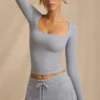 Top cu mâneci lungi din modal cu nervuri, în albastru deschis Top cu mâneci lungi din modal cu nervuri, în albastru deschis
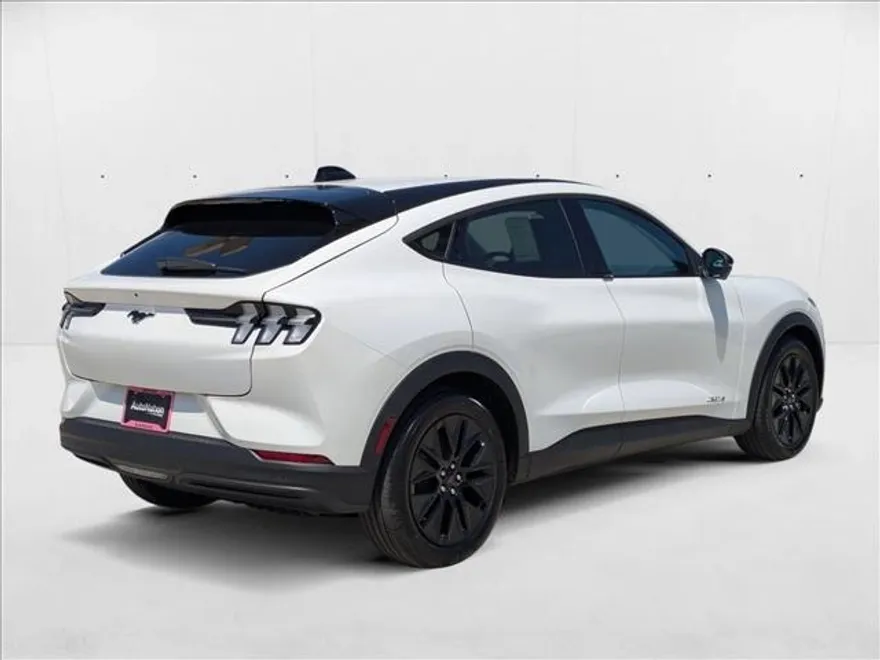 2025 Ford Mustang Mach-E Select photo 1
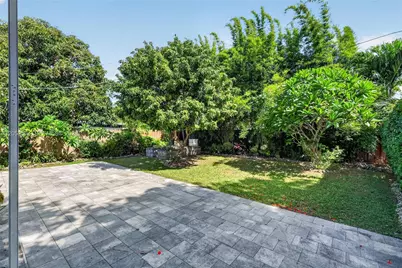 2543 SW 15th St, Miami, FL 33145 - Photo 28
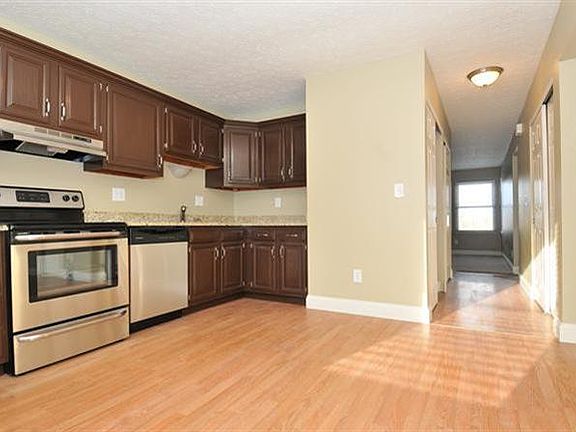 5th image of 7637 Woodbridge Ct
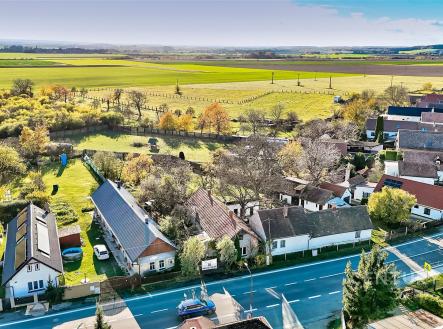 . | Prodej - pozemek pro bydlení, 917 m²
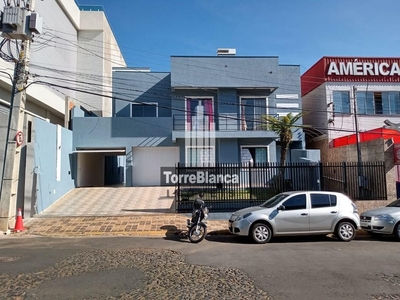 Casa em Uvaranas, Ponta Grossa/PR de 339m² 5 quartos à venda por R$ 1.349.000,00 ou para locação R$ 10.000,00/mes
___
- **What the exercise asks**:
Pictures aside, please output the whole listing exactly as it appears above.

- **Exercise output**:
 Top cu mâneci lungi din modal cu nervuri, în albastru deschis Top cu mâneci lungi din modal cu nervuri, în albastru deschis
 2025 Ford Mustang Mach-E Select photo 1
 2543 SW 15th St, Miami, FL 33145 - Photo 28
 5th image of 7637 Woodbridge Ct
 . | Prodej - pozemek pro bydlení, 917 m²
 Casa em Uvaranas, Ponta Grossa/PR de 339m² 5 quartos à venda por R$ 1.349.000,00 ou para locação R$ 10.000,00/mes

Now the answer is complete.